Дмитрий Александрович спросил, как у меня дела.
А я и сама не знаю, как! Если он будет жить с нами, вообще трудно представить мои дела.
Интересно, у него есть своя квартира?
— Вероника! — ошеломленно уставилась на меня мама.
— Что?
Дмитрий Александрович улыбнулся:
— Да, у меня есть квартира. Прописка, все дела. Женат не был. Внебрачных детей не имею. Судимостей тоже.
О боже! Сказала вслух? Вот идиотка!
— Простите, — выдохнула я, испуганно глядя то на него, то на маму.
Меня простили. Мы сели за стол.
И самое удивительное, все прошло хорошо!
Дмитрий Александрович позволил называть его просто Димой, о школе не расспрашивал, как обычно любят взрослые.

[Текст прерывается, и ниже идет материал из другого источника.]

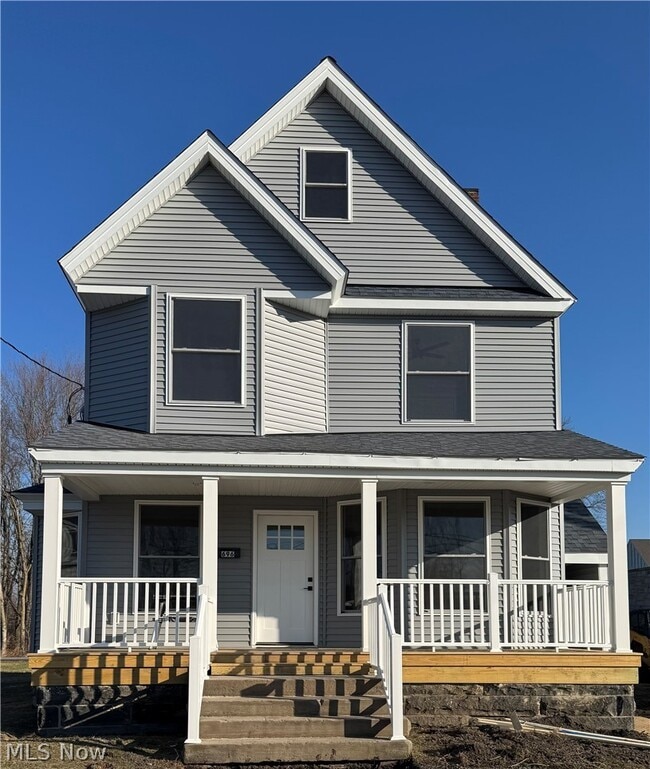 Building Photo - 694 Erie St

Даже признался, что был главным двоечником в свое время. А мама укоризненно на него посмотрела и сказала:
— Ники, это редкий случай, когда двоечники делают хорошую карьеру. Дима — исключение из правил.
Мама, наверное, перепугалась, что я забью на учебу. Забавно. Да мне и делать нечего, кроме как учиться.
Весь ужин мне хотелось задать им один вопрос, но осмелилась я, лишь когда Дима уже уходил.
— Вы поженитесь? — спросила я.
Они переглянулись. Мама растерянно пожала плечами, а Дима сказал:
— Да, летом, сразу после твоего выпуска. — И умолк.
Они напряженно смотрели на меня и ждали.
— Отлично, — кивнула я и, поскольку они продолжали молчать, добавила: — Пусть будут черные голуби с белыми крыльями, ладно?!
Мама обняла меня, пообещав:
— Ну конечно, милая!
Дима не понял, но тоже утвердительно кивнул.
Я ушла к себе в комнату, чтобы не мешать им прощаться.
Черные голуби с белыми крыльями…
Мы с Антоном придумали, будто такие голуби на свадьбе символизируют прошлое, а белые крылья у них, потому что отпускаешь это прошлое добровольно, как бы ни было сложно, чтобы начать новую счастливую жизнь.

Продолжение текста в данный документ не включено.